- Data section:
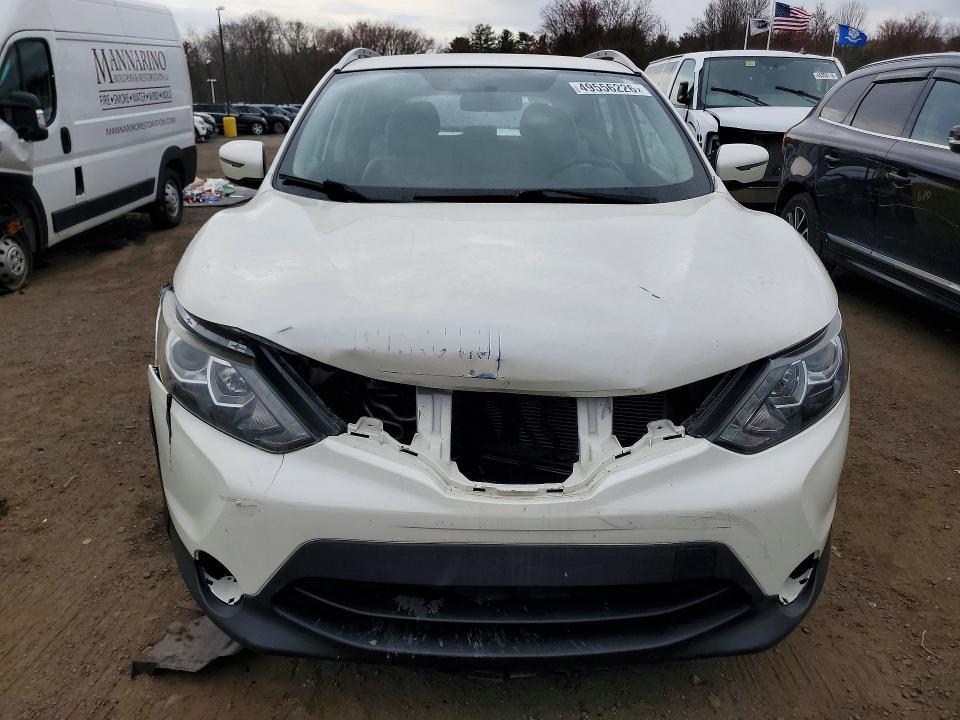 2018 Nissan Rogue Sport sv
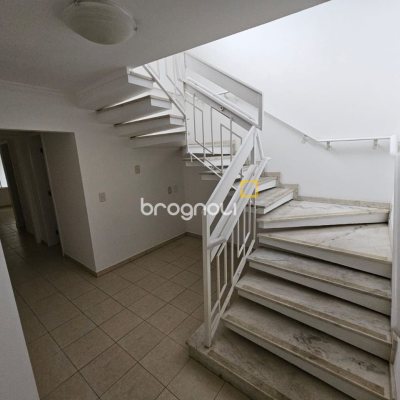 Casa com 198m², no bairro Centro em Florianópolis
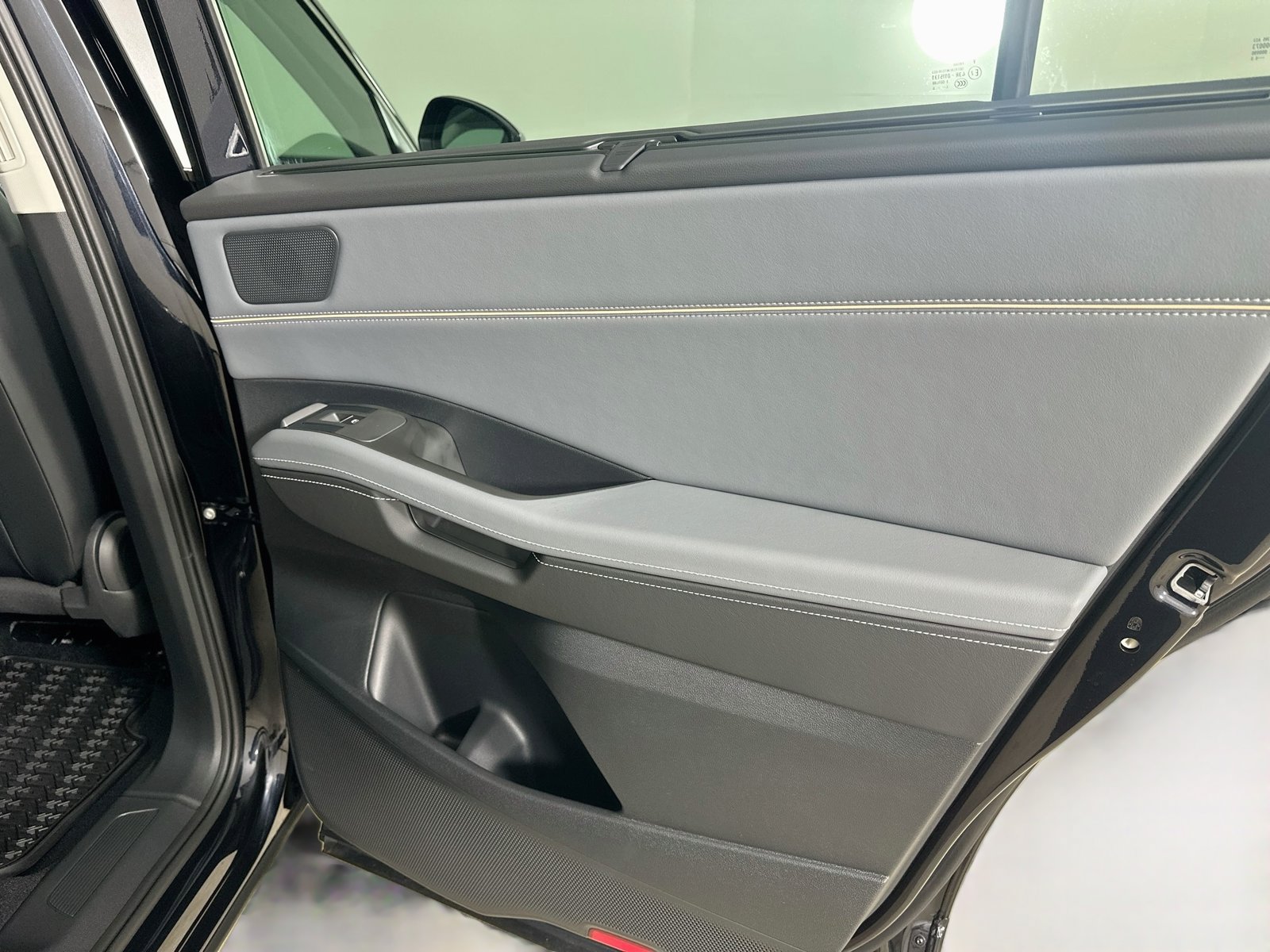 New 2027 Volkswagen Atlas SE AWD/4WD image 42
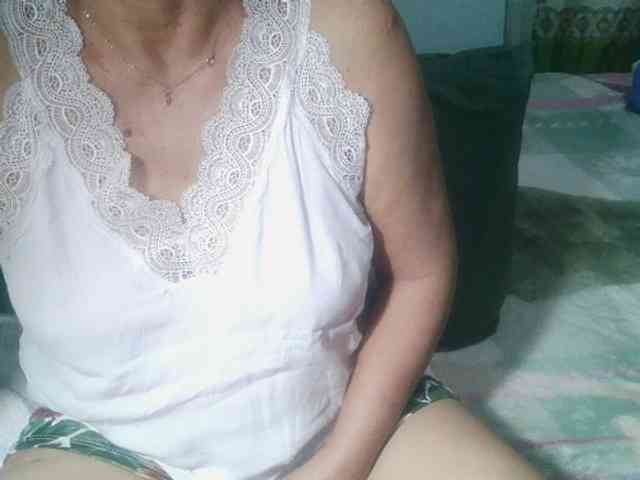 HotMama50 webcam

...

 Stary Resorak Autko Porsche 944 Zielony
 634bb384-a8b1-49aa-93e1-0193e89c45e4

- Exercise: Copy out the lines above exactly, beginning at the one that contains "Stary Resorak Autko Porsche 944 Zielony" and ending at the one that contains "634bb384-a8b1-49aa-93e1-0193e89c45e4".

- Output of the exercise:
 Stary Resorak Autko Porsche 944 Zielony
 634bb384-a8b1-49aa-93e1-0193e89c45e4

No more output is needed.